The sales of PC massively declined in 2022, dropping by more than 25% year-over-year in the last quarter of 2022. Every major PC vendor was faced with a heavy decline in PC sales, with Dell technologies being hit the hardest in the fourth quarter after experiencing as much as a 37% drop in sales.
Also, Hewlett-Packard commonly known as HP was hit the hardest in the EMEA market, where the shipments fell 44% year-over-year.

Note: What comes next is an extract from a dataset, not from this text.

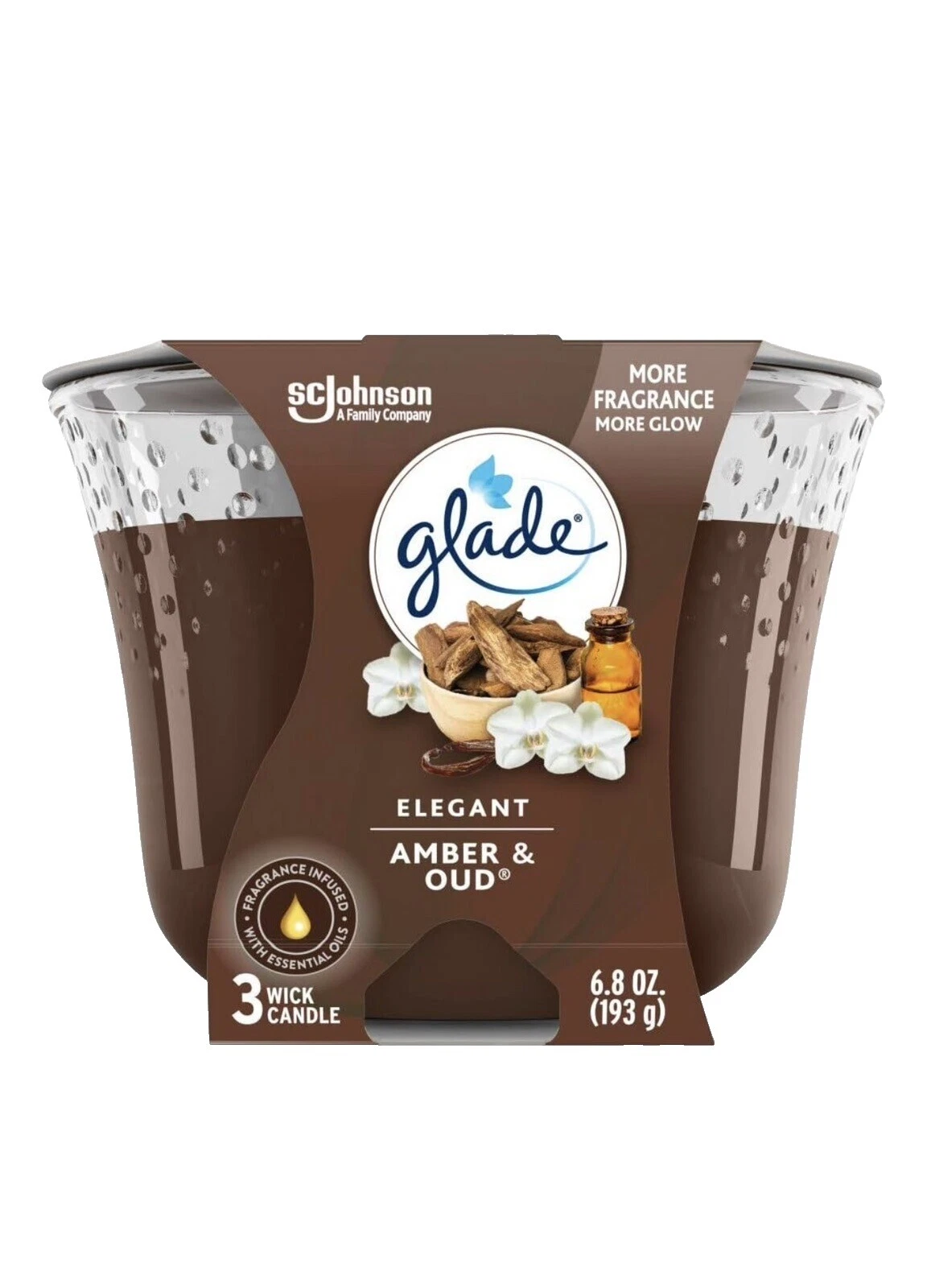 Velas de decoración Glade Aceite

For Dell, weak demand in the large business market affected shipments in the second half of 2022.
Last year, laptop and Desktop sales were down about 16%, compared to the previous year, Investors King understands.
Director analyst at Gartner, Mikako Kitagawa disclosed that the massive decline in PC sales can be attributed to the higher interest rates, global interest rates, and the anticipation of a global recession that is yet to materialize.
He further disclosed that the global PC market has now shifted from softness to deterioration while noting that enterprise buyers are extending the PC lifecycle and delaying purchases, which means that the business market will likely not return to growth until 2024.
Few other analysts have predicted that the slump in PC sales will last until the second half of this year, however noting that the long-term outlook remains positive.
In a poll conducted in December last year, around 250 PC channel partners by canalys revealed that 60% expect revenue to remain flat or decline in 2023.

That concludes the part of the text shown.